Thursday, June 24, 2021

'I Felt a Sugar’d Strange Delight'

Surprise is among the underrated poetic virtues, and not to be confused with mere shock. The first time I saw the word “fuck” in print was in an Allen Ginsberg poem, and that was mere shock, as in a cheesily explicit horror movie. Nor do I mean surprise used as a clumsy, tacked-on plot element – maniac with a knife behind the door. I have in mind word choice, as when Philip Larkin writes “the serene / Foreheads of houses” in "Coming." Foreheads is carefully weighed, unexpected but appropriate, something the reader will recognize and accept as not mere attention-seeking on the part of the poet. The word reads as surprising yet natural and almost concealed. For the careful reader, “foreheads” enhances the poem while lending itself a new level of meaning. Now consider this: “I felt a sugar’d strange delight.” 

I’ve read George Herbert’s “The Glance” a hundred times but that line has now reached out and grabbed me. Say it aloud and pay attention to the dancing movement of your tongue. I salivated, even though I don’t have a sweet tooth. “Sugar’d” and “delight” have a natural link but what about “strange”? Read it in context: “I felt a sugar’d strange delight, / Passing all cordials made by any art.” “Strange” here suggests novel, surprising, unexpected. The OED cites Herbert’s use of “sugar’d” and gives this definition: “of actions, states, etc.: frequently, having an attractive outward appearance, alluring.” The visual image it conjures for this reader is more literal: the delight is dusted with sugar like beignets.

 

A glance is the subtlest of visual acts, the opposite of staring. The one who glances is God, for Whom a glance suffices. In Music at Midnight: The Life and Poetry of George Herbert, John Drury writes of the poem:

 

“The subject . . . is eye-contact, as important as it is unspoken in the everyday communications of person with person.
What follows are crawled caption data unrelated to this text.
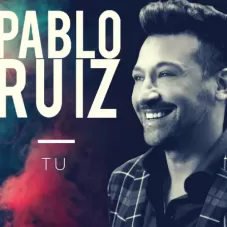 Pablo Ruiz - T - EP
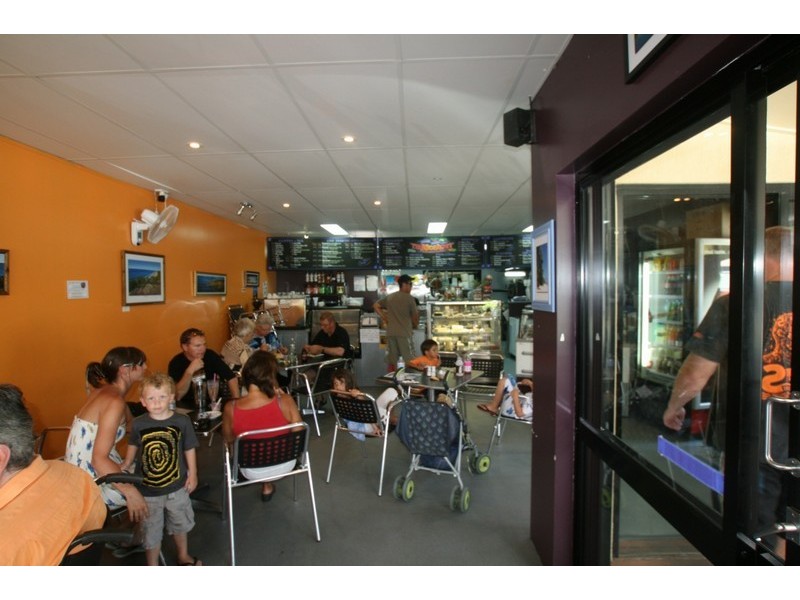 Agnes Water QLD 4677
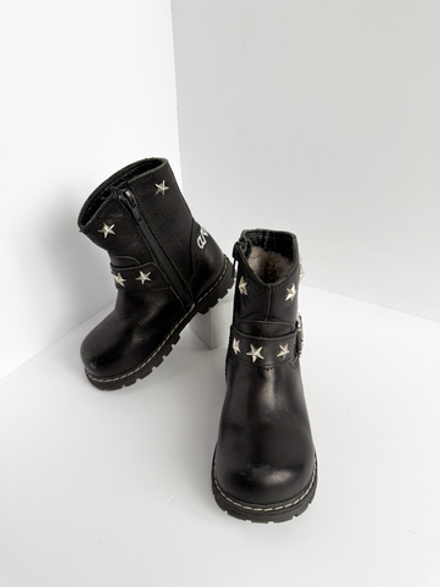 Сапоги Armani, 24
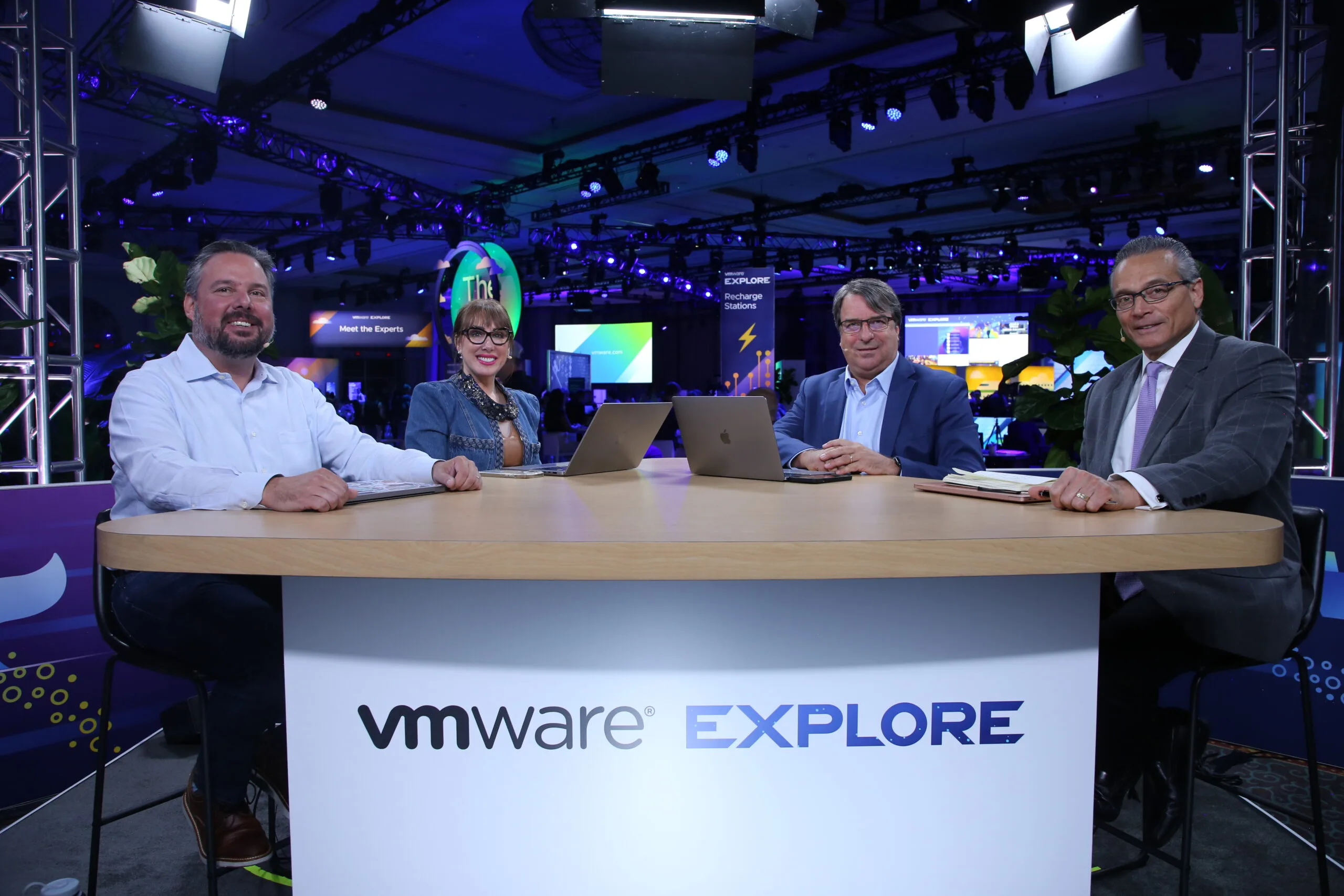 Analyzing VMware’s strategic evolution and the implications of the Broadcom acquisition – SiliconANGLE Analyzing VMware’s strategic evolution and the implications of the Broadcom acquisition – SiliconANGLE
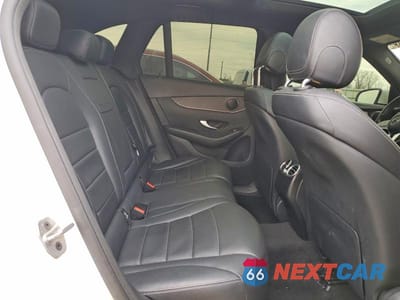 Zdjęcie 11 z 12 samochodu: 2022 MERCEDES-BENZ GLC 300 4MATIC VIN:W1N0G8EB9NV372170 - miniatura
As usual with Herbert, one of the persons is God, but the atheist reader is not thereby barred from its truth to the universal experience, from cradle to grave, of reading and exchanging looks or glances.”

 

Sticking with the “sugar’d” theme, Herbert writes in the second stanza: “But still thy sweet originall joy, / Sprung from thine eye, did work within my soul.”